As we see, our final conclusion about the lexico-grammatical nature of statives appears to have returned them into the lexemic domain in which they were placed by traditional grammar and from which they were alienated in the course of subsequent linguistic investigations. A question then arises, whether these investigations, as well as the discussions accompanying them, have served any rational purpose at all.
The answer to this question, though, can only be given in the energetic affirmative. Indeed, all the detailed studies of statives undertaken by quite a few scholars, all the discussions concerning their systemic location and other related matters have produced very useful results, both theoretical and practical.
The traditional view of the stative was not supported by any special analysis, it was formed on the grounds of mere surface analogies and outer correlations. The later study of statives resulted in the exposition of their inner properties, in the discovery of their historical productivity as a subclass, in their systemic description on the lines of competent inter-class and inter-level comparisons. And it is due to the undertaken investigations (which certainly will be continued) that we are now in a position, though having rejected the fundamental separation of the stative from the adjective, to name the subclass of statives as one of the peculiar, idiomatic lexemic features of Modern English.
As is widely known, adjectives display the ability to be easily substantivized by conversion, i.e. by zero-derivation. Among the noun- converted adjectives we find both old units, well-established in the system of lexicon, and also new ones, whose adjectival etymology conveys to the lexeme the vivid colouring of a new coinage.
For instance, the words a relative or a white or a dear bear an unquestionable mark of established tradition, while such a noun as a sensitive used in the following sentence features a distinct flavour of purposeful conversion: He was a regional man, a man who wrote about sensitives who live away from the places where things happen.

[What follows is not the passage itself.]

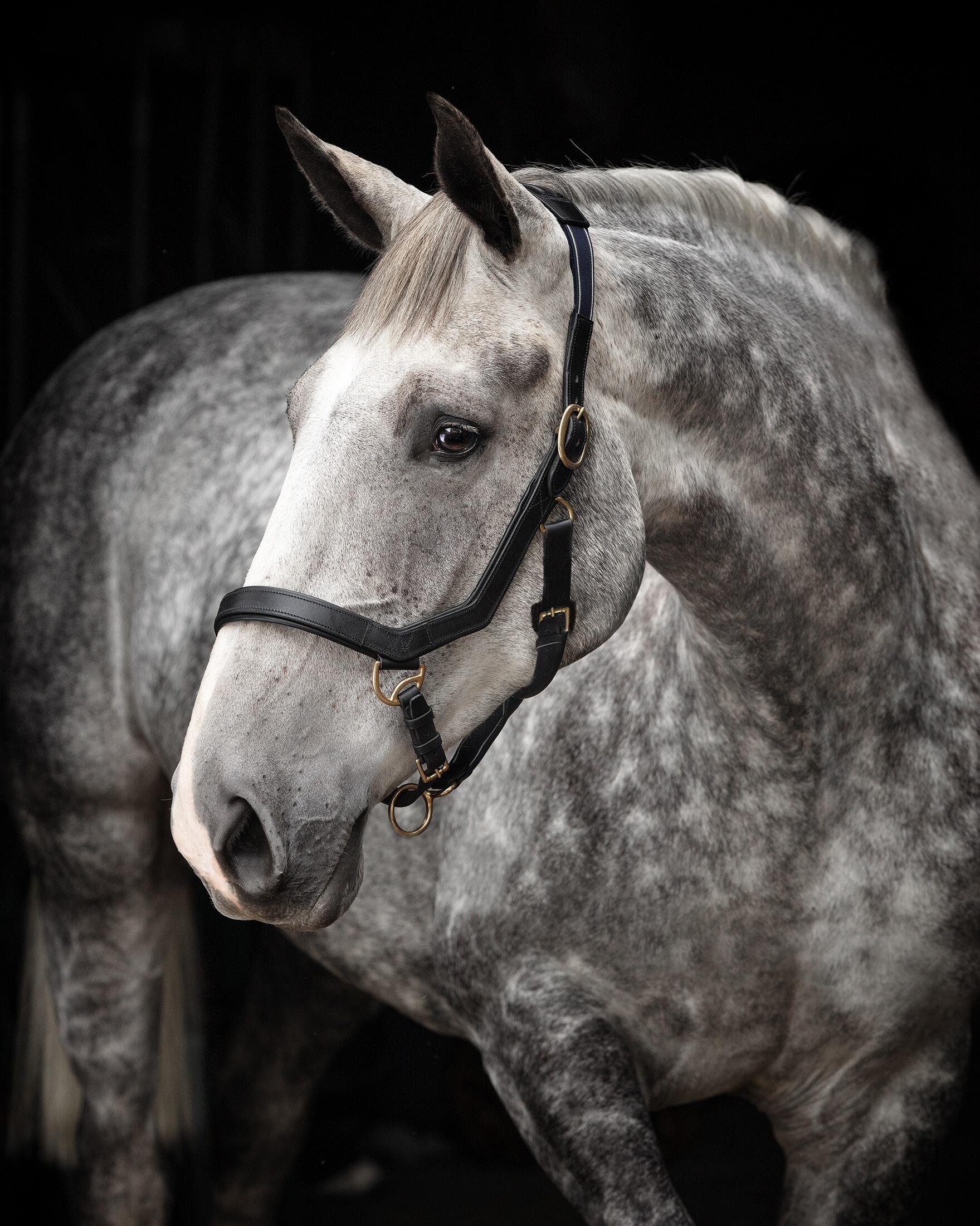 HORSEWARE IRELAND picture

Compare this with the noun a high in the following example: The weather report promises a new high in heat and humidity.
From the purely categorial point of view, however, there is no difference between the adjectives cited in the examples and the ones given in the foregoing enumeration, since both groups equally express constitutive categories of the noun, i.e. the number, the case, the gender, the article determination, and they likewise equally perform normal nounal functions.